Wednesday, March 13, 2013

Holy Shit, Brown Sugar!

Brown Sugar

Continuing on the earlier rock star theme, I'd like to address a song this week. A Rolling Stones song, and a popular one, to boot. Brown Sugar. It's not what anyone would call innocuous, and it's pretty clear to anyone who pays rudimentary attention to the chorus that it's a racy kind of anthem. But it's more than that. So much more.
Mick Jagger is an asshole.
Come to think of it, nothing about this man is innocuous
When Mick Jagger wrote Brown Sugar, he was in the midst of a secret affair with fellow singer Marsha Hunt. Predictably, the song was written partially about her. The raciness that most people pick up on when casually listening tends to be the part where it refers to an interracial relationship.
Hair
Yes, that is Marsha Hunt. No, I'm not giving you a better picture.
But wait, there's more! When Mick Jagger decided to go taboo with a song, he went over the moon taboo. The song is about an interracial relationship, but the first verse is about a "relationship" in the very loosest definition of the term. In this case, one party's ownership of the other adds a very interesting dynamic to the situation.
Slave auction house
Yup. We're going there.
Because yeah, Brown Sugar is totally about a slave owner raping his possibly underage newly acquired slave. And I'm not joking at all. Just listen to the first verse of the song.
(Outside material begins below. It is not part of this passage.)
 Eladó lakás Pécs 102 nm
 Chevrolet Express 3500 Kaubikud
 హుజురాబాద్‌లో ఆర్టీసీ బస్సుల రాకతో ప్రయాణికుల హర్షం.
Gold Coast slave ship bound for cotton fields,
Sold in a market down in New Orleans.
Scarred old slaver know he's doing alright.
Hear him whip the women just around midnight.
Brown sugar, how come you taste so good?
Brown sugar, just like a young girl should
Slave ship plans
So that happened.

That's the first verse. He just jumped right in with the slave rape, and that's the part that really baffles me. I know this song, and I've known it since I was a child. I saw it in a commercial long ago. I listened to it with my parents. I never had even a passing suspicion that Brown Sugar was about anything but poking fun at taboos and rocking pretty hard.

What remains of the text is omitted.